> On Jul 8, 2025, at 10:57, Joe Abley <[email protected]> 
> wrote:
> On 8 Jul 2025, at 10:18, Carlos Horowicz 
> <[email protected]> wrote:
>> I must say I’m not particularly sympathetic to DNS over TCP. While it’s a 
>> necessary fallback in some cases, it slows things down due to handshake 
>> overhead, increased latency from retries, and the need to maintain state per 
>> connection.
> Setup and teardown handshake overhead is in principle able to be amortised 
> over the many messages that might be exchanged over a single session, so over 
> a busy session the aggregate cost tends towards zero and the cost for a 
> message over a session that is already established is as close to zero as 
> makes no odds.
> The ability to handle large aggregate session state is something that has 
> turned out to be manageable for HTTP and many other protocols. I don't know 
> why we would assume that it's an insurmountable problem. 

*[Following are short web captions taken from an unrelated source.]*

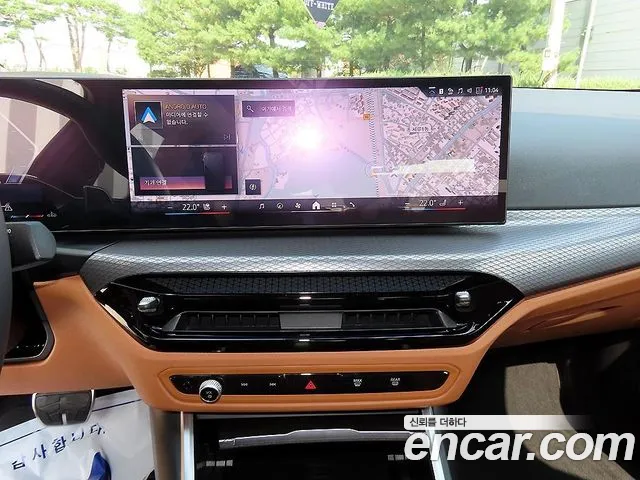 BMW 3 Series G20 — Фото автомобиля 13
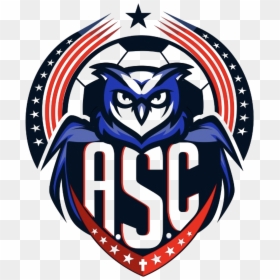 America Soccer Club Orlando, HD Png Download - dea png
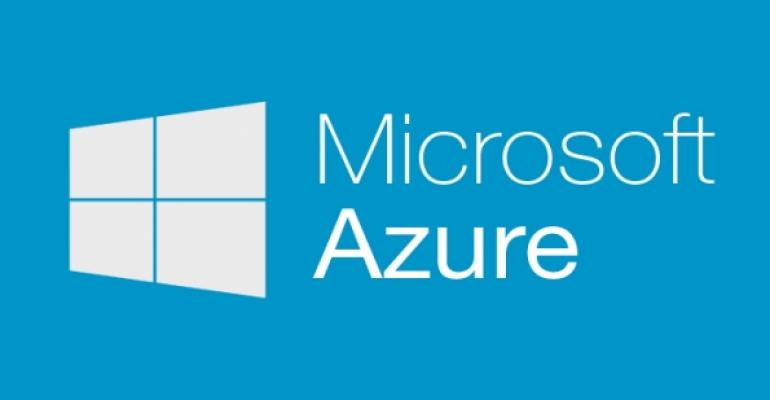 Correct terms for VIP and DIP and more in Azure Resource Manager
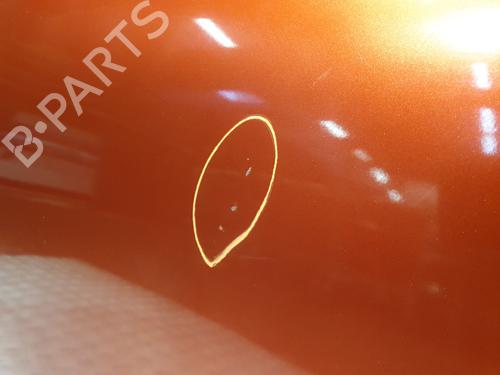 Left rear door RENAULT CLIO IV (BH_) 0.9 TCe 90 (BHNF, BHMA, BHMH, BHJK, BHJR) | BP31378127C4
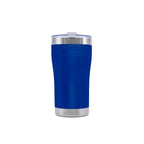 Mammoth Rover 20Oz Stainless Steel Tumbler, Double Wall Vacuum Insulated Tumbler With Lid, Great For On The Go, In Royal Blue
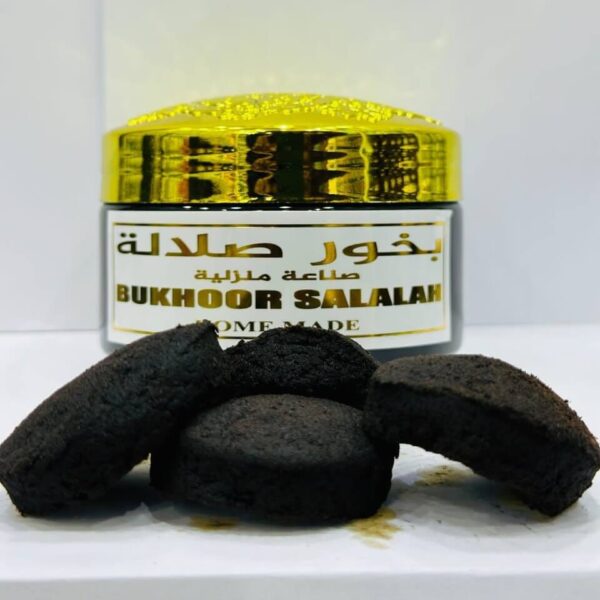 Bukhoor Salalah
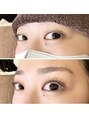 サロンドボーテ コワフール(salon de beaute coiffure)&nbsp;パリジェンヌ◎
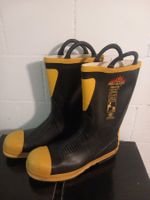 Feuerwehrstiefel Gr.50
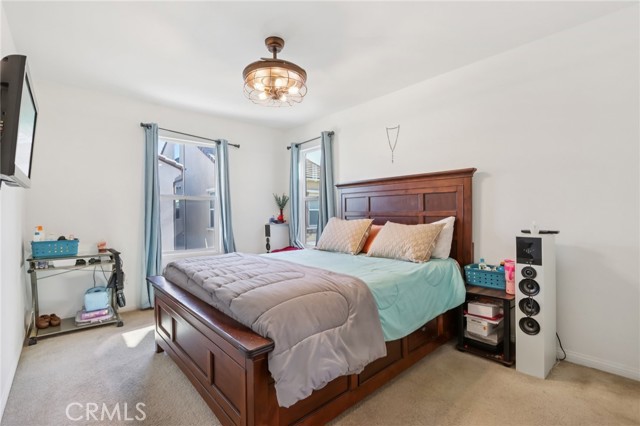 Detail Gallery Image 13 of 21 For 3827 Grant St #49,  Corona,  CA 92879 - 3 Beds | 2/1 Baths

Just chiming in to register agreement with Joe.  Essentially all DNS traffic is 
either stub-recursive or recursive-authoritative.  Stubs typically use a single 
recursive, and should ideally be using DoT anyway, so that’s efficiently 
handled using TLS already.  The _vast_ majority of recursive-authoritative 
traffic is long-lived flows between relatively small numbers of servers (with a 
small minority of traffic spread over a long tail of infrequently-queried 
authoritatives).  So there, too, there’s high efficiency in ensuring that the 
majority of the traffic is running over ADoT.

Next up, bidirectional TLS auth FTW!